Gilles Paris et "Le Monde" énumèrent les modifications que défendrait une majorité républicaine dans les deux Chambres, et évoque ce que serait aujourd’hui la politique suivie par Donald Trump.
"Qu'adviendrait-il si Donald Trump occupait le bureau Ovale de la Maison Blanche ? En 2019, il avait été mis en accusation par la Chambre des représentants pour abus de pouvoir après avoir bloqué temporairement une aide militaire destinée à Kiev. (A noter l'aveu de l'envoi de matériel militaire US à Ukraine, trois ans AVANT l'intervention russe...).
Et Gilles Paris de poursuivre ;
"Que serait - il advenu de l'OTAN s'il avait été réélu en 2020 (...) John Bolton (son ancien conseiller à la sécurité) a assuré dans ses mémoires que ce dernier (Donald Trump) aurait profité d'un second mandat pour en retirer les Etats-Unis ». (...)
"Il a suffi d'une phrase prononcée par le possible futur speaker (Président) de la Chambre des Représentants, Kevin McCarthy, pour que le spectre de l'America First, le slogan de Donald Trump, vienne flotter sur le conflit ukrainien.
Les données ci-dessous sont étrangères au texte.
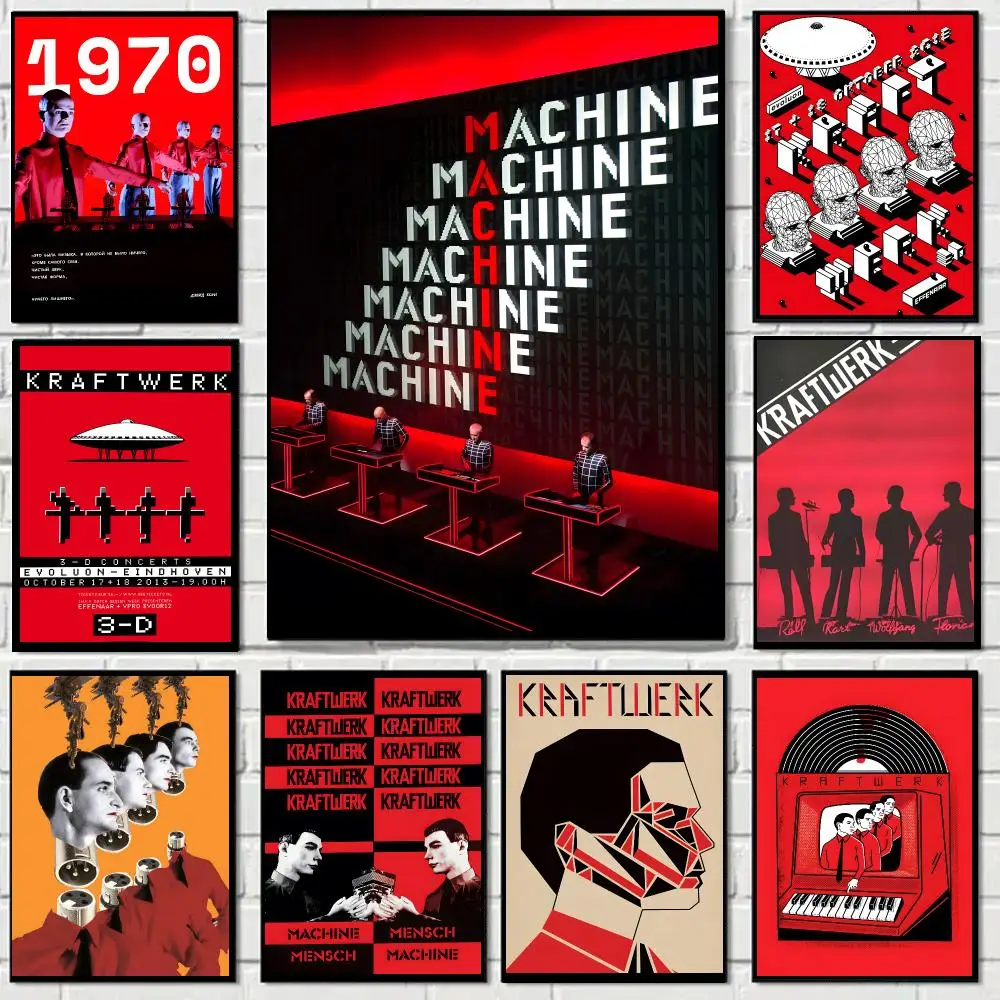 Kraftwerk Band Poster Self-adhesive Decal Living Room Bedroom Party Bar Decor Moisture-proof Fade-resistant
Je pense que les gens vont se retrouver dans une récession, et qu'ils ne vont pas faire un chèque en blanc à l'Ukraine".
Après avoir fait énumérer les forces hostiles à la politique suivie par Joe Biden, - politique que Gilles Paris fait sienne - le journaliste conclut :
"Cette opposition rassemble les voix qui considèrent que les Etats-Unis ont trop longtemps supporté une part disproportionnée du fardeau occidental aux dépens de leurs propres intérêts. Et celles qui font de la compétition entre grandes puissances américaine et chinoises la priorité absolue de Washington pour les décennies à venir.
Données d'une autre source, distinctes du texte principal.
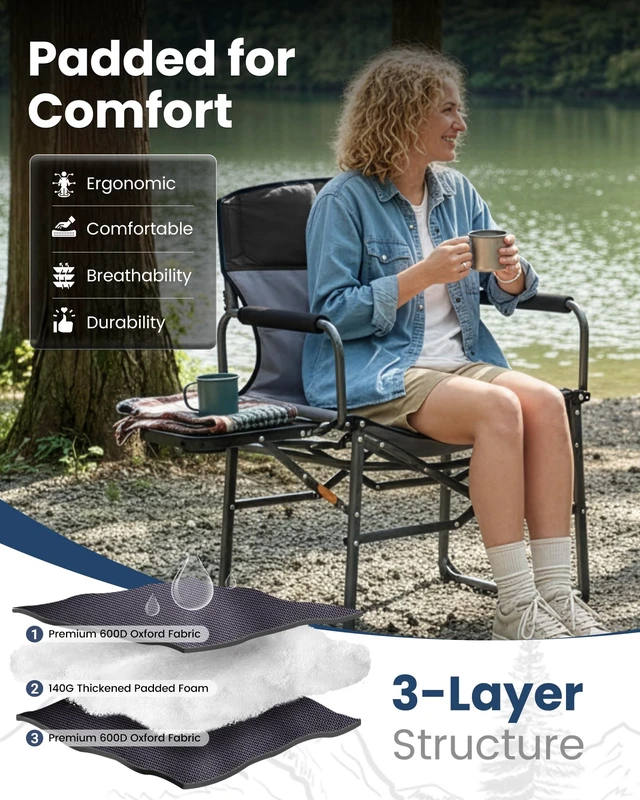 Alt view image 6 of 7 - Oversized Camping Directors Chair Heavy Duty 440lbs, Side Table | Folding Padded Wide Seat Camp Chair for Adults, Anti-Sag Fabric, 50% Flat Fold, Portable, Outdoor Lawn Fishing RV Sport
Dans les deux cas, la conséquence serait la même pour la guerre en Ukraine : un retrait ou un abandon américain qui obligerait les Européens à prendre en mains la gestion d'un conflit désormais considéré à Washington comme secondaire ou périphérique".
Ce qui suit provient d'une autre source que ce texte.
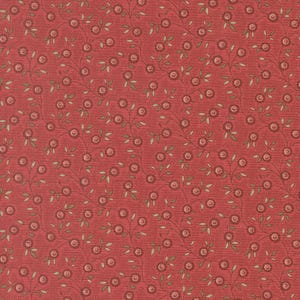 May include: A seamless pattern featuring a red background with a subtle texture. Delicate vines with small, round, pinkish-red flowers and olive-green leaves are evenly distributed across the surface, creating a floral design.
On mesure ainsi les raisons de l'angoisse qui saisit les supplétifs médiatiques, porte-paroles des financiers, : si les Républicains trumpistes obtiennent la majorité au Congrès américain aux élections du "Midterm", les Etats-Unis se dégageraient d'Ukraine et, conclut Gilles Paris, les puissances européennes, dont la France, devraient prendre la relève dans la guerre menée contre la Russie...
Jolie perspective à soumettre aux Français.